Getting the model wrong will be costly for all parties – the backlash against suppliers in Australia, where time-of-use tariffs led to “bill shock” for consumers – serves as a warning to government and industry in the UK. We need to take a considered approach to demand-side management, paying as much attention to the consumer demand-side of the equation as we have been to the management side.
Amy Cooke, director, business development, Engage Consulting
Demand-side response: how it might work
Demand-side response is an umbrella term for techniques that help to reduce the strain on the power system. It can reduce the peak capacity needed and hence allow investment in network infrastructure to be deferred. It can also help optimise overall efficiency by moving demand to times that coincide with generation availability, avoiding wasting generated energy or the need to find ways to store excess capacity which can be costly.
Demand-side response activities fall into a number of categories:
· Price signals and time-of-use tariffs that encourage behaviour change.

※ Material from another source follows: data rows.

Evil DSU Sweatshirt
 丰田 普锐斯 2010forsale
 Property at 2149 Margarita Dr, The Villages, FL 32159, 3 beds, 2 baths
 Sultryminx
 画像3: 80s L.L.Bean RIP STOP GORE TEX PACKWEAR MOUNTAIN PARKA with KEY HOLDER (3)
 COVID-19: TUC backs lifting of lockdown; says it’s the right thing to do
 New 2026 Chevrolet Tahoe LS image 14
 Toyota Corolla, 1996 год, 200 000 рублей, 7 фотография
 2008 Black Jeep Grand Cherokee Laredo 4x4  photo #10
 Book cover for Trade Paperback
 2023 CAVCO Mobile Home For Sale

Changes to pricing could be communicated through smart meters, in response to a text message, or via more traditional means such as by signing up to an off peak tariff. In France, for example, EDF communicates high price periods to those on its tempo tariff on its website a day ahead of the price change.
· Permitting remote management of power hungry devices through a one-off action or permission given by the user. These typically require some kind of hardware or remote sensing and control. For example, commercial customers could allow energy companies to remotely control the temperature in their offices, providing that the temperature does not fall below a defined level.
· Permitting dynamic remote control of devices. This scenario is similar to one-off action described above, but involves more active and dynamic management of the device by the remote manager. Consumer examples of dynamic remote control could include giving suppliers permission to turn fridges and freezers off for short periods to reduce demand during peak periods.
This article first appeared in Utility Week’s print edition of 21st June 2013.